Because a NUMA architecture provides a single system image, it can often run an operating system with no special optimizations. For example, Windows 2000 is fully supported on the IBM x440, although it is not designed for use with NUMA.

There are many disadvantages to using such an operating system on a NUMA platform. The high latency of remote memory accesses can leave the processors under-utilized, constantly waiting for data to be transferred to the local node, and the NUMA connection can become a bottleneck for applications with high-memory bandwidth demands.

Furthermore, performance on such a system can be highly variable. It varies, for example, if an application has memory located locally on one benchmarking run, but a subsequent run happens to place all of that memory on a remote node. This phenomenon can make capacity planning difficult. Finally, processor clocks might not be synchronized between multiple nodes, so applications that read the clock directly might behave incorrectly.

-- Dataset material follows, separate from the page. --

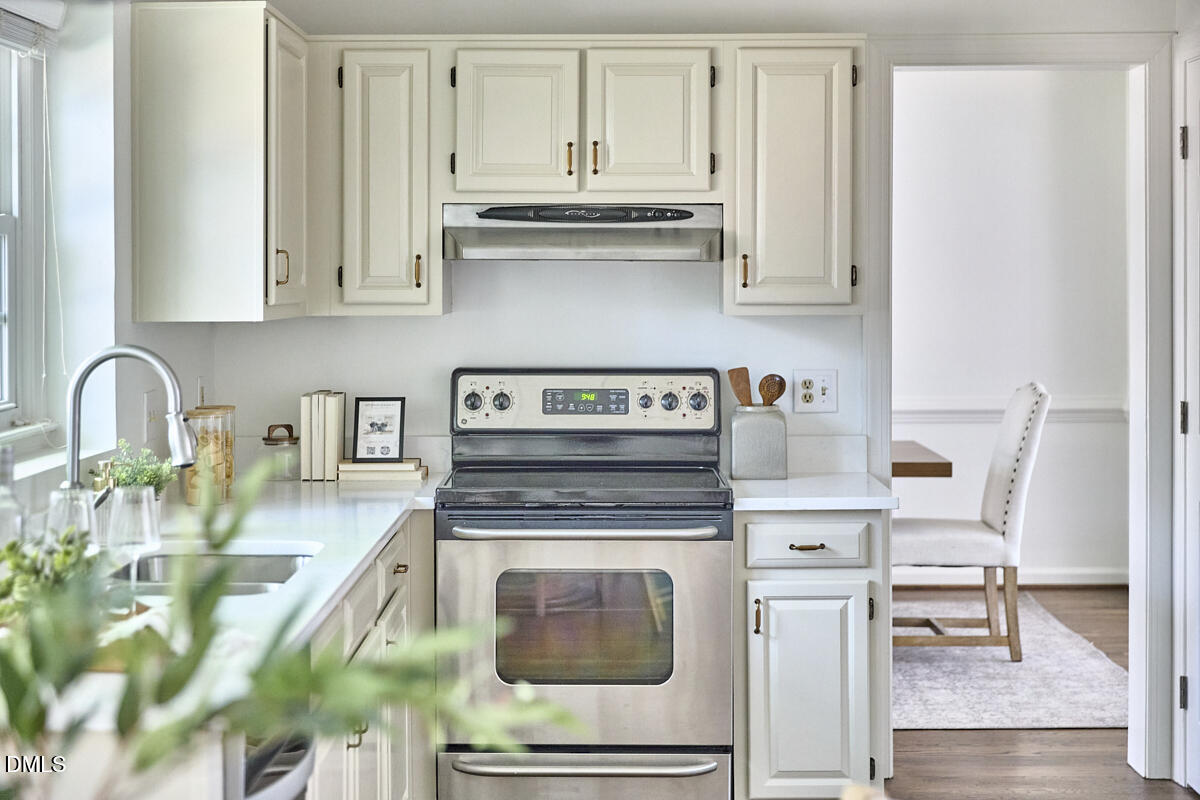 5220 Oakbrook Drive Durham, NC 27713 - Photo 11 of 38 a kitchen with granite countertop a stove a sink and white cabinets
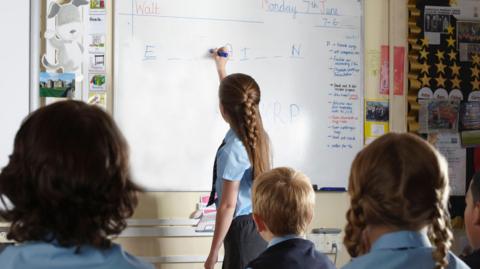 A young girl is writing on a whiteboard in front of a class, all of whom have their backs to the camera.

Some high-end UNIX systems provide support for NUMA optimizations in their compilers and programming libraries. This support requires software developers to tune and recompile their programs for optimal performance. Optimizations for one system are not guaranteed to work well on the next generation of the same system. Other systems have allowed an administrator to explicitly decide on the node on which an application should run. While this might be acceptable for certain applications that demand 100 percent of their memory to be local, it creates an administrative burden and can lead to imbalance between nodes when workloads change.

Ideally, the system software provides transparent NUMA support, so that applications can benefit immediately without modifications. The system should maximize the use of local memory and schedule programs intelligently without requiring constant administrator intervention. Finally, it must respond well to changing conditions without compromising fairness or performance.